Pete Amyoony’s greenhouse is full of these antiques such as the Stone tomato and the German Pink tomato. These are just some of a dozen heritage plants he is dutifully caring for. Without growers like him, these plant varieties would be long gone.
Amyoony is part of a network of global growers who are collecting endangered seeds so they can continue to exist. Some heritage species, like the Stone tomato, are kept by just two growers in the entire world.
Down a steep ladder in Pete Amyoony’s basement is where dozens of these seeds are kept cool and dry. He takes care of 170 tomatoes and 60 potatoes. Anyone in the world can order seeds from him.
Every year we lose an average of 300 varieties of vegetables around the world, Amyoony says. Without someone growing and saving the seeds, these varieties will never be able to grow again.
In the 1980s big corporations like Monsanto bought out a bunch of mom and pop seed operations, he says.
“The seed operations used to grow local varieties that did well,” Amyoony says. “If there were Robson Valley seeds, they grew well in the Robson Valley.”
He says within three years, the big companies had taken over 90 per cent of the seed companies of North America and they threw out most of the heritage seeds – the ones people had been growing in those local areas for hundreds of years.
Why? They wanted to hybridize the seeds so they couldn’t be saved and farmers would have to buy new seeds from the company every year, thus increasing the company’s profits, Amyoony says.
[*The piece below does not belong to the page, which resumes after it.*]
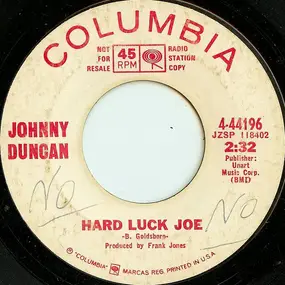 Johnny Duncan - Gotta Get Back (On The Right Track)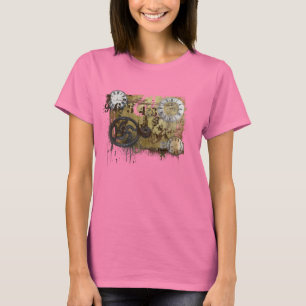Grunge Steampunk T-shirt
“It’s a money-making thing for the corporations.”
Once people realized the extent of the seeds being lost, they started a seeds saver exchange. People would buy endangered seeds and keep strains alive by planting some every year and offering the seeds for people on the exchange to buy.
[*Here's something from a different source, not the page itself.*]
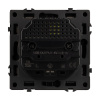 Механизм розетки с USB зарядкой Arlight SCT-NOBE-MUAA-SFPL-GR (230V, 16A) 054291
Every year they come out with a book containing thousands of varieties of seeds available from each other so they don’t depend on the companies.
The catalogue – as thick as a phone book – keeps getting thicker as more varieties are de-listed and can no longer be sold as certified seed. It offers thousands of older varieties of garden vegetable seeds you can order from individual growers like Amyoony.
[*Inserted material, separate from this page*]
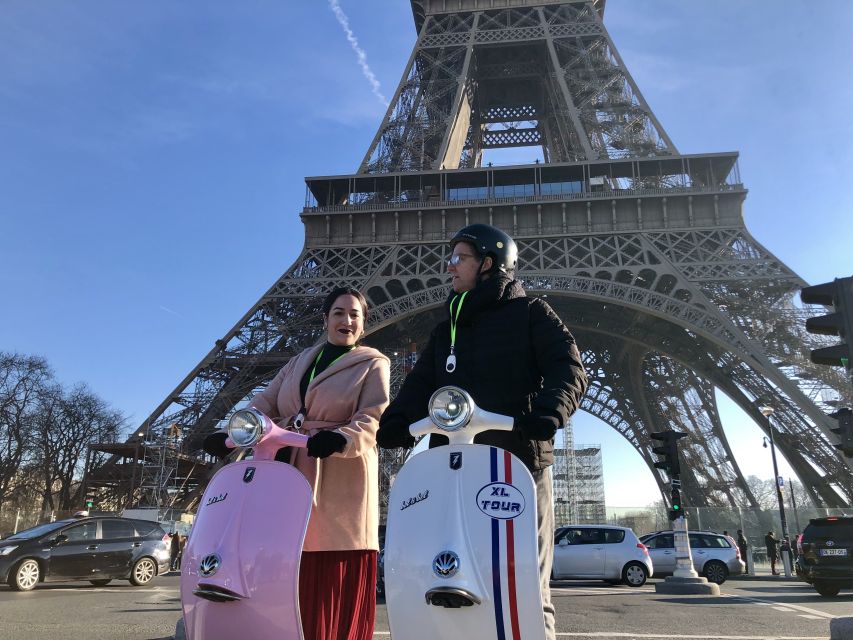 Paris: City Highlights Segway Tour - Key points worth knowing before you go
Green mountain potatoes were grown in the 1930s and exported by the railroad carload out of the Robson Valley. Caribou Potatos were also de-listed since the stem stayed attached to the potato, and was not good for commercial planting.
“They’re beautiful potatoes, they keep the best and they were developed for northern British Columbia in Prince George in the 1950s and 60s.”
Amyoony says the government limits the number of varieties that are available as “certified seed” – in other words, varieties that may legally be sold commercially. The idea is to protect commercial interests, he says.
Once de-listed they cannot be sold as certified seed.
“It’s awful. It’s like taking our heritage. Those potatoes and tomatoes have been developed over hundreds of years and saved by our grandparents and great grandparents because they were the best ones for our area.”
Dunster resident Floyd Caywood came to the farmers market about 15 years ago where Amyoony was selling tomatoes. He said “Oh those are good looking home grown tomatoes, but you’ll never find one like the ones I used to grow as a kid in the 1920s.”
It was called Stone tomato. Caywood said he couldn’t buy them anymore because they stopped producing those seeds.
Amyoony didn’t let on that he was a part of the seed exchange. He went home and in his seed exchange book found two people in the world who still had Stone tomato seeds – one in England and one in California.
Amyoony got the seeds and grew a plant for Caywood. Ever since then, he has grown a plant for him in his garden.
Because the heirloom plant varieties were grown for specific locations and for taste, rather than commercial interests, they are often jucier, more flavourful, and have a better texture.
But not all the varieties are desirable.
This year someone brought him an heirloom pepper – the hottest pepper in the world. It’s rated 1 million Scoville heat units. The Jalapeno is 3,000 and the habanero is 50,000.
“I said ‘What are you going to use it for?’ I’m afraid to touch it.”